G(x) is the antiderivative of F(x) with G(1) = 1; Find a formula for G(x)

[IntegrateMe]

G(x) is the antiderivative of F(x) with G(1) = 1; Find a formula for G(x)...

Find a formula for G(x) in terms of F(x).

I would have just written $$\int_0^x{F(x)dx}$$ but I know the value G(1) = 1 has to be included somewhere. Can someone help me figure this one out?

 

[Dick]

How about if you just add a constant?

 

[IntegrateMe]

$$\int_0^x{F(x)dx} + C$$??

 

[Dick]

$$\int_0^x{F(x)dx} + C$$??

Sure. If that is your G(x) then what value of C will make G(1)=1? Put x=1 and solve for C.

 

[IntegrateMe]

Well, wouldn't I need to know what the value of $$\int_0^1{F(x)dx}$$ is to determine that?

 

[Dick]

Well, wouldn't I need to know what the value of $$\int_0^1{F(x)dx}$$ is to determine that?

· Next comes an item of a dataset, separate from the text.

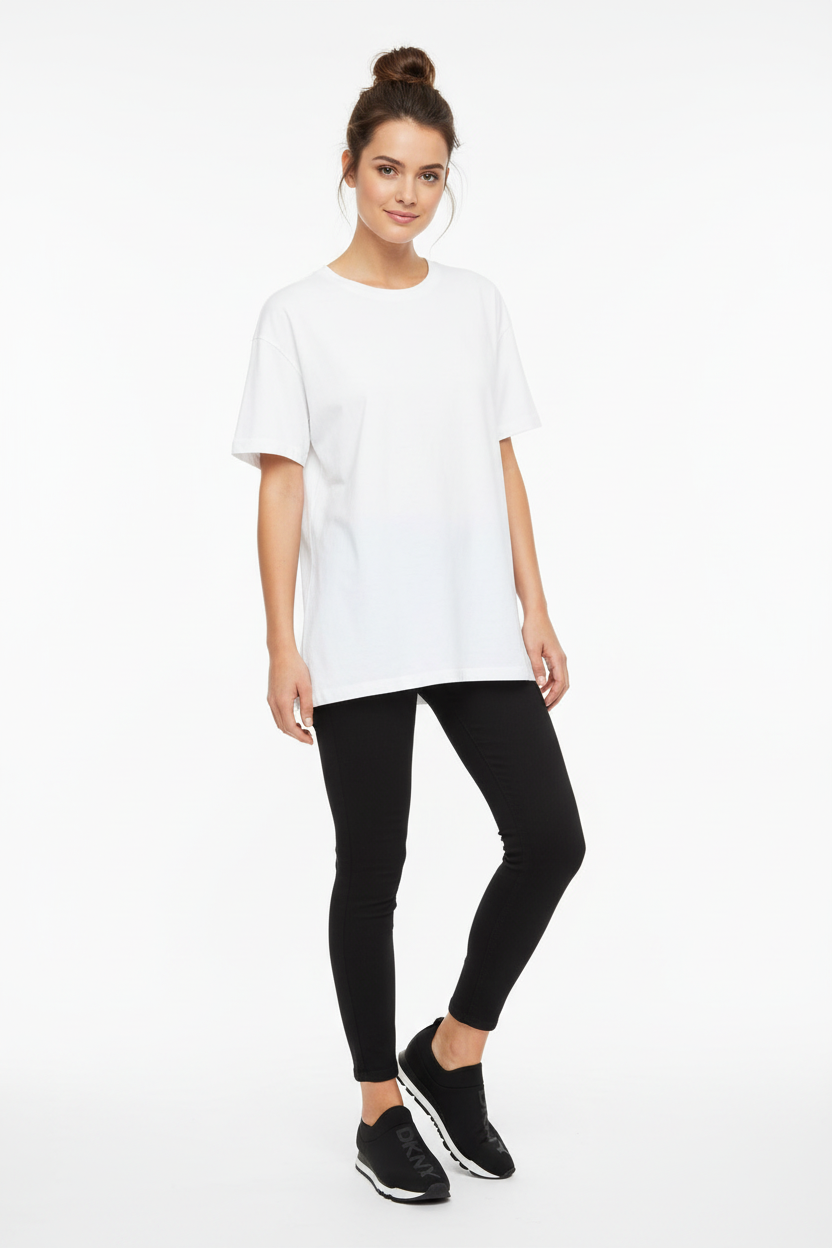 DKNY WOMEN Size 39 ROW751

No. You can't compute it. $$\int_0^1{F(x)dx}$$ should appear as part of your answer.

 

[IntegrateMe]

$$G(x) = 1 + \int_1^xF(s)ds$$ ?

 

[Dick]

$$G(x) = 1 + \int_1^xF(s)ds$$ ?

Good job. Why the '?'

 

[IntegrateMe]

I wasn't sure of the limits of integration. They were kind of unjustified.

 

[Dick]

I wasn't sure of the limits of integration. They were kind of unjustified.

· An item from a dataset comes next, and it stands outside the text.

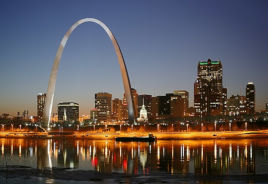 hotels with revealed Hotwire and Priceline names near Saint Louis, MO hotels with identified Hotwire and Priceline deals near St. Louis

If you'd followed the line I was suggesting you should have found $$C=1-\int_0^1{F(s)ds}$$

Can you justify the bounds using that?

 

[IntegrateMe]

The F(x) was making it confusing.

 

[Dick]

The F(x) was making it confusing.

Maybe. If one of the limits of integration is x you shouldn't write the integral dx. Since the integration variable is a dummy you should use something besides x, like s. Makes life less confusing.

 

[IntegrateMe]

Can you explain why C would allow you to justify the bounds.

 

[Dick]

The integral from 0 to x of F minus the integral from 0 to 1 of F equals the integral from 1 to x of F.